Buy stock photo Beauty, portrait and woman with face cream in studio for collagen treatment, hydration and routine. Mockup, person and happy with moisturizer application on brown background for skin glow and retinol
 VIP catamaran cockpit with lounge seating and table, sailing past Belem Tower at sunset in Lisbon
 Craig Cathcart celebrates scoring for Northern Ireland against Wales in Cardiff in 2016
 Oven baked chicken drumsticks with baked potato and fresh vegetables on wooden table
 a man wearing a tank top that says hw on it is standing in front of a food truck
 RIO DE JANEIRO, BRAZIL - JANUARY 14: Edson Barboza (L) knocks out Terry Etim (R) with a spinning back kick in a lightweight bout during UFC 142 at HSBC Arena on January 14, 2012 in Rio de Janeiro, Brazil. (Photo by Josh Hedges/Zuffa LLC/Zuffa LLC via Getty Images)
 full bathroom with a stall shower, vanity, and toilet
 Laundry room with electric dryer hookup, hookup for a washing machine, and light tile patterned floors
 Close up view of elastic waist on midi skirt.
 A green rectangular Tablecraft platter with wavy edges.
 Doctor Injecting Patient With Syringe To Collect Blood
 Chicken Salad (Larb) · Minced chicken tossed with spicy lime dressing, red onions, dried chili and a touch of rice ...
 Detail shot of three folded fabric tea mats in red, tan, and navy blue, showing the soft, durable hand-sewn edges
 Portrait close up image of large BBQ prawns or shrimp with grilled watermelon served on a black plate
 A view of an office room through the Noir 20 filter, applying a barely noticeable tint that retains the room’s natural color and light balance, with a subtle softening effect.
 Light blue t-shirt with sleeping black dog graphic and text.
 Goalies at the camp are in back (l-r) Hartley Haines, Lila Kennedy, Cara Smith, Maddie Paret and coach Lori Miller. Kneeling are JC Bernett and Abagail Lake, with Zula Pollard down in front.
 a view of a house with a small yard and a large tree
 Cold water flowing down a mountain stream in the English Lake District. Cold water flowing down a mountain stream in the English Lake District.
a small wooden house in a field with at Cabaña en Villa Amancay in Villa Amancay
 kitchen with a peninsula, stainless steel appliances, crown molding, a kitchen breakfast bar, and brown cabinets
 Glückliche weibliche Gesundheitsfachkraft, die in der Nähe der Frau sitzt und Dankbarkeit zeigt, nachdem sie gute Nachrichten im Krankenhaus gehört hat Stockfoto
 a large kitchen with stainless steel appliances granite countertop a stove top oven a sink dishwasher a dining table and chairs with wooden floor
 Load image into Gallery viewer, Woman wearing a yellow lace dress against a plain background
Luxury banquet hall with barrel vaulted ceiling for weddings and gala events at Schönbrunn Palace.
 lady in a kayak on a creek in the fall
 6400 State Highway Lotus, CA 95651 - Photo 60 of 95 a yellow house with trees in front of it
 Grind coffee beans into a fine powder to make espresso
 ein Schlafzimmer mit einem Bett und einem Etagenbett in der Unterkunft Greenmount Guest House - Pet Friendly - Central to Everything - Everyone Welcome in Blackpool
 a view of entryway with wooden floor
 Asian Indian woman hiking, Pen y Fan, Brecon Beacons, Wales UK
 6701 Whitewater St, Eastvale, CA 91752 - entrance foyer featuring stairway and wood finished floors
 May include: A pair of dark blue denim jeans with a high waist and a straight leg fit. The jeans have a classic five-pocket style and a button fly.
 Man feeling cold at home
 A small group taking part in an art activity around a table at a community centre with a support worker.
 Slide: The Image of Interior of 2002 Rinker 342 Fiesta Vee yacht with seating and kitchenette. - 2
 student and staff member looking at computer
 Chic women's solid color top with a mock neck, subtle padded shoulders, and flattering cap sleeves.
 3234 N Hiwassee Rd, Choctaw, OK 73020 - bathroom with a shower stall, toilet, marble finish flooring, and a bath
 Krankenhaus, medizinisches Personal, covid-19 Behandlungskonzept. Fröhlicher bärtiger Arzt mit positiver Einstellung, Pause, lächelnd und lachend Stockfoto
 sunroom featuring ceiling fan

+===+

What to do → Only the lines from the one bearing "3234 N Hiwassee" through the end of the entries above belong in the answer, each one exactly as given.

Exercise solution →
 3234 N Hiwassee Rd, Choctaw, OK 73020 - bathroom with a shower stall, toilet, marble finish flooring, and a bath
 Krankenhaus, medizinisches Personal, covid-19 Behandlungskonzept. Fröhlicher bärtiger Arzt mit positiver Einstellung, Pause, lächelnd und lachend Stockfoto
 sunroom featuring ceiling fan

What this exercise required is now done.